» WHAT YOU NEED TO DO: Any pictures in the records below must be left out when you repeat the lines from the line containing "Organic Cotton Socks Navy Stripe" through the line containing "Kabid Humas Polda" exactly.

==== RECORD SET ====

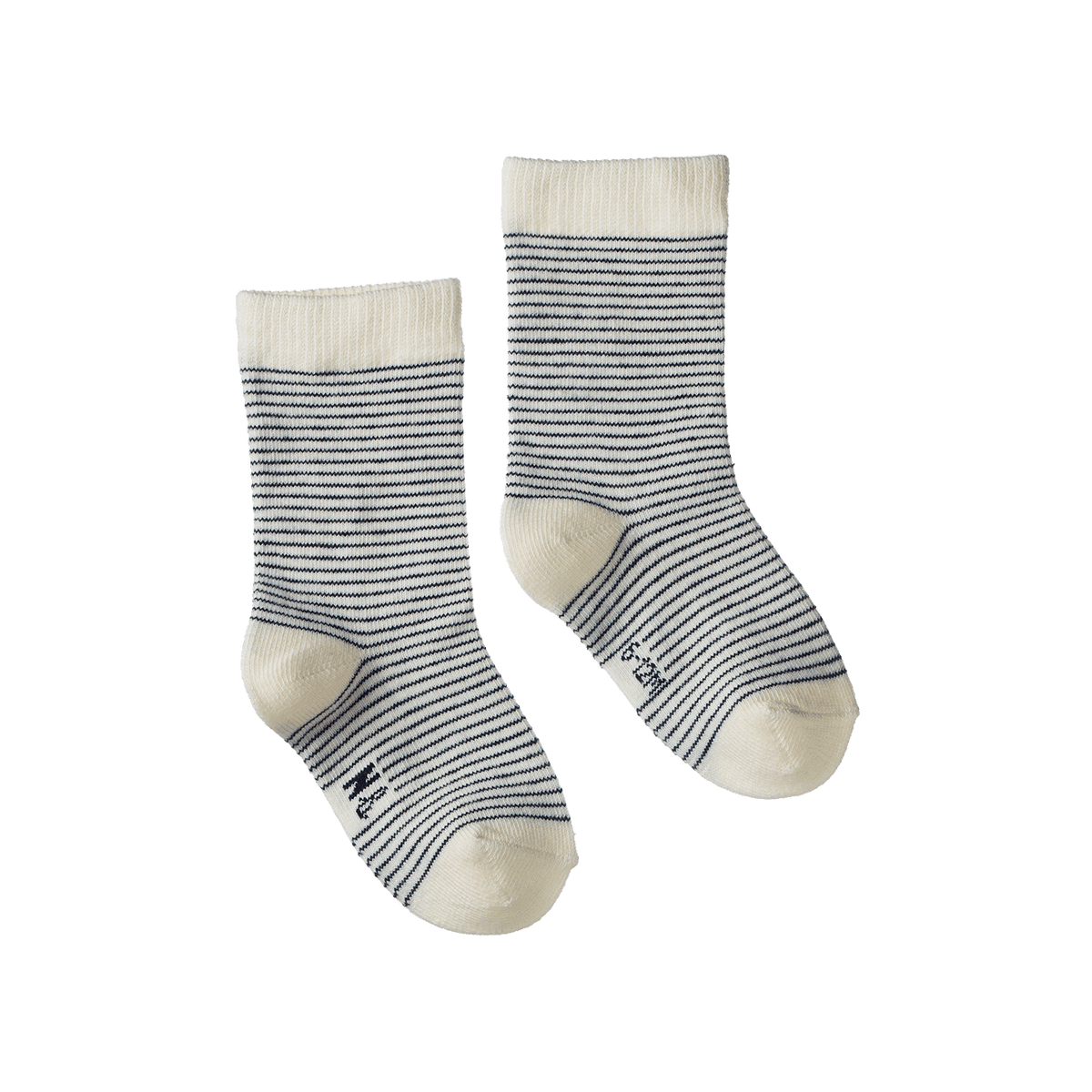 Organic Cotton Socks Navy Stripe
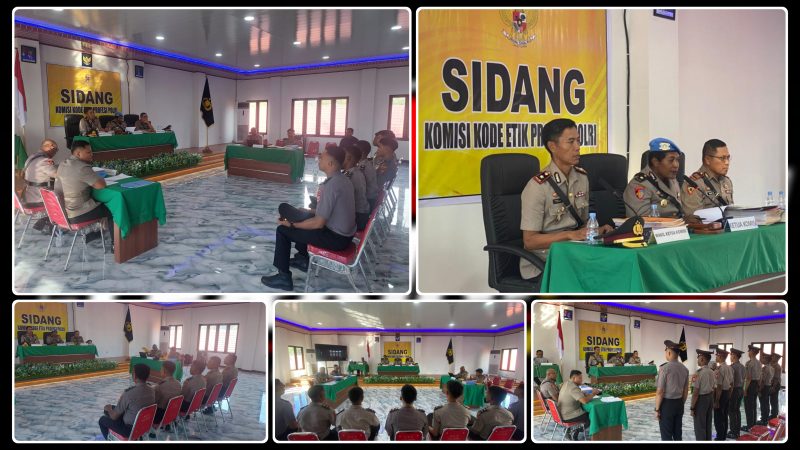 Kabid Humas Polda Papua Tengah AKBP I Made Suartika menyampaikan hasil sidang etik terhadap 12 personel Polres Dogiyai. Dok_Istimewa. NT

====
==== RECORD SET ====

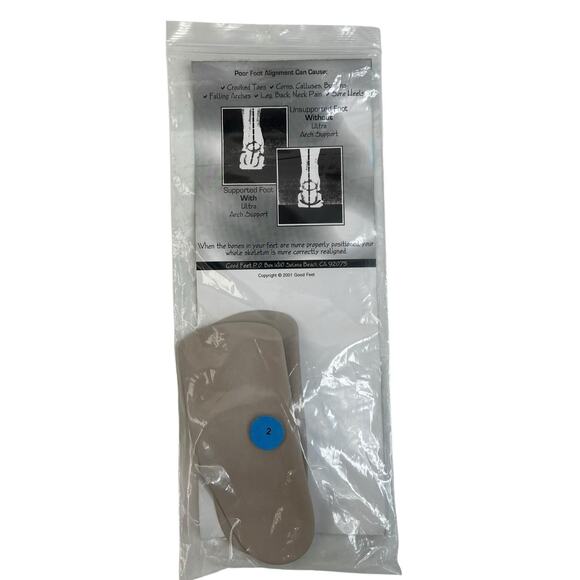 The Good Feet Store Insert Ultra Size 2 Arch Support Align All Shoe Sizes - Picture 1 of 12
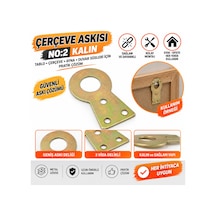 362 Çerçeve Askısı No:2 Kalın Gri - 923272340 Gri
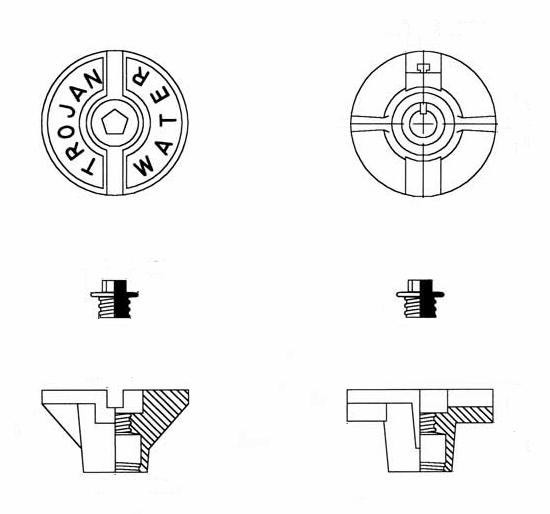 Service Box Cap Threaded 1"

====
==== RECORD SET ====

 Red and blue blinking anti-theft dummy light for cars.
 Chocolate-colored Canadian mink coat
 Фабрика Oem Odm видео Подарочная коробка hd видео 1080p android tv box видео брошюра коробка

====

» TASK ANSWER:
 Organic Cotton Socks Navy Stripe
 Kabid Humas Polda Papua Tengah AKBP I Made Suartika menyampaikan hasil sidang etik terhadap 12 personel Polres Dogiyai. Dok_Istimewa. NT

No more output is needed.